§ The problem
Leaving out every picture, copy the lines of the material below exactly, from the line containing "Nano Eye Drops Serum - Image 7" through the line containing "Saving the brain".

§ The data
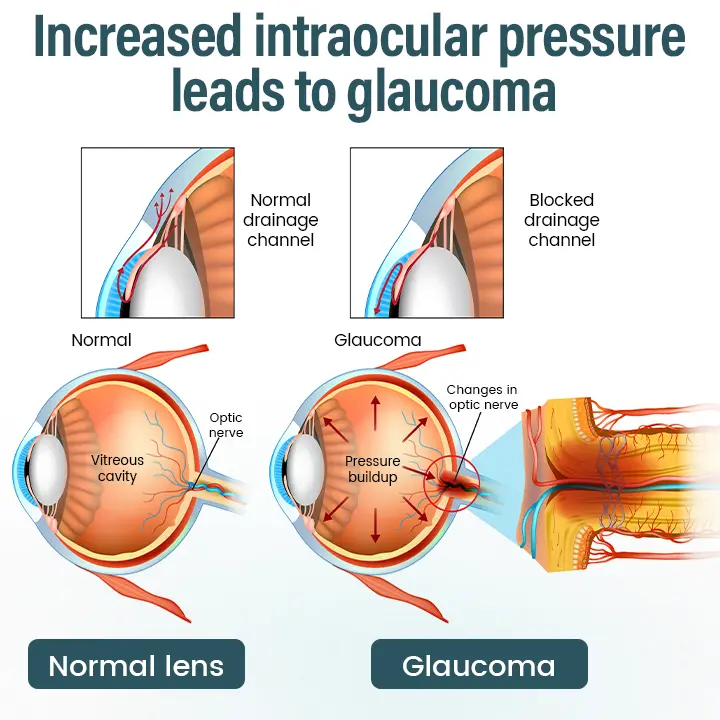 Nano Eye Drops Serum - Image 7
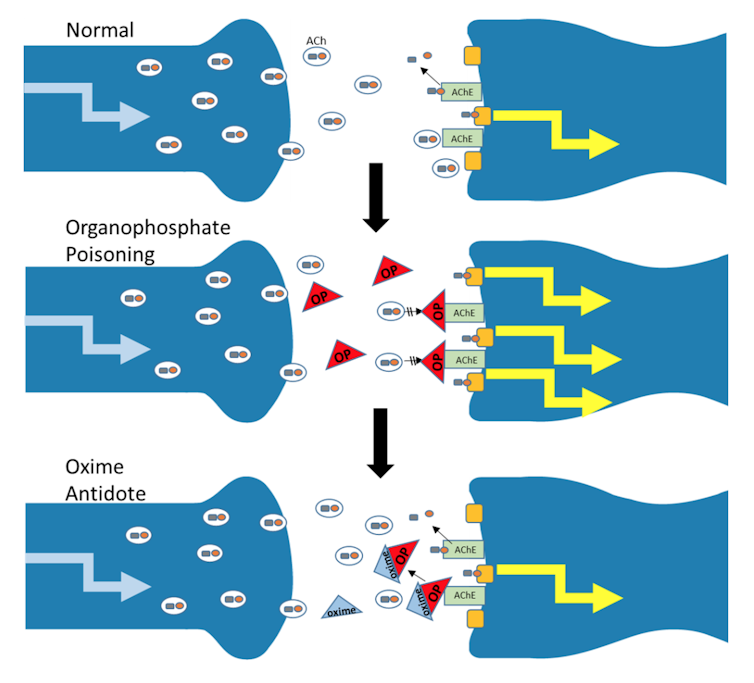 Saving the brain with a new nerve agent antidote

...

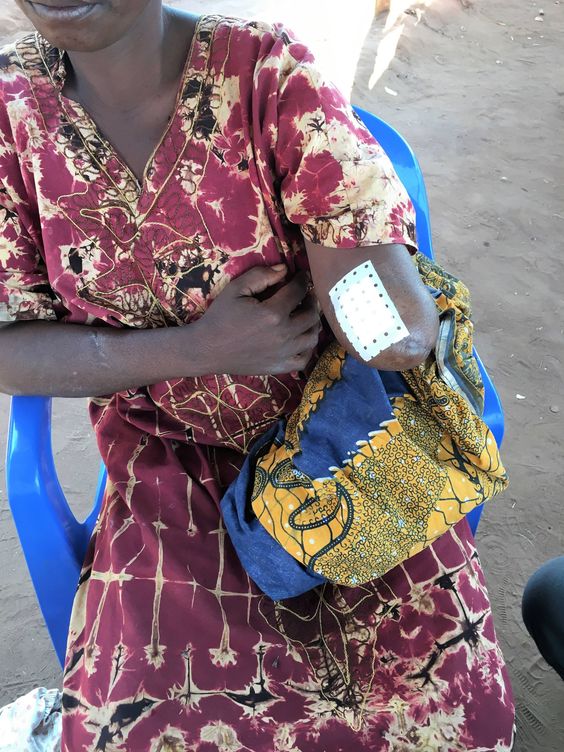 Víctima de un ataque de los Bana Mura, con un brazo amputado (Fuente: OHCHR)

--

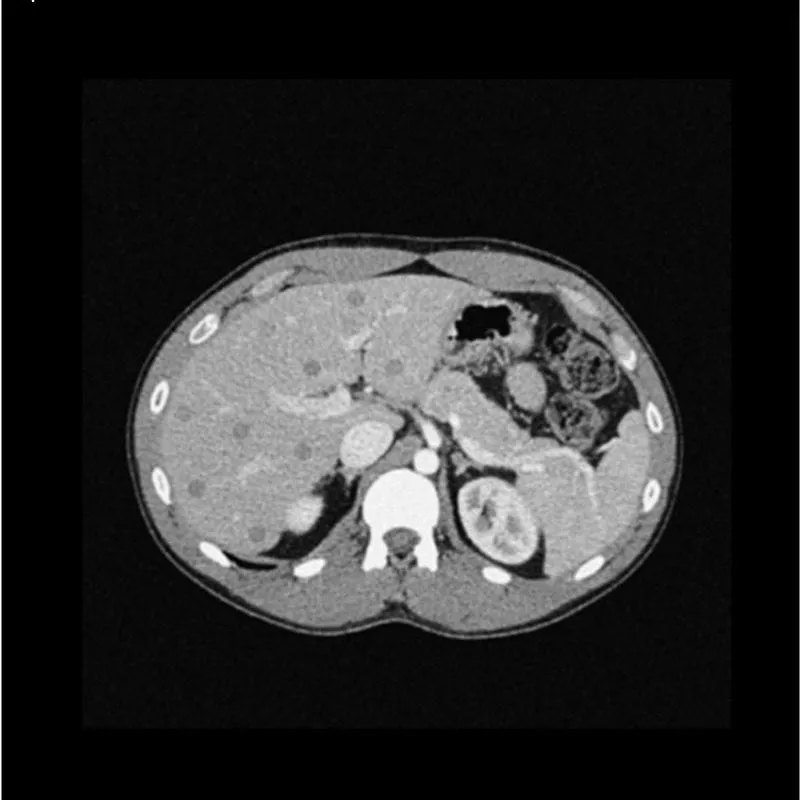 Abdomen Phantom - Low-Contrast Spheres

§ Task response
 Nano Eye Drops Serum - Image 7
 Saving the brain with a new nerve agent antidote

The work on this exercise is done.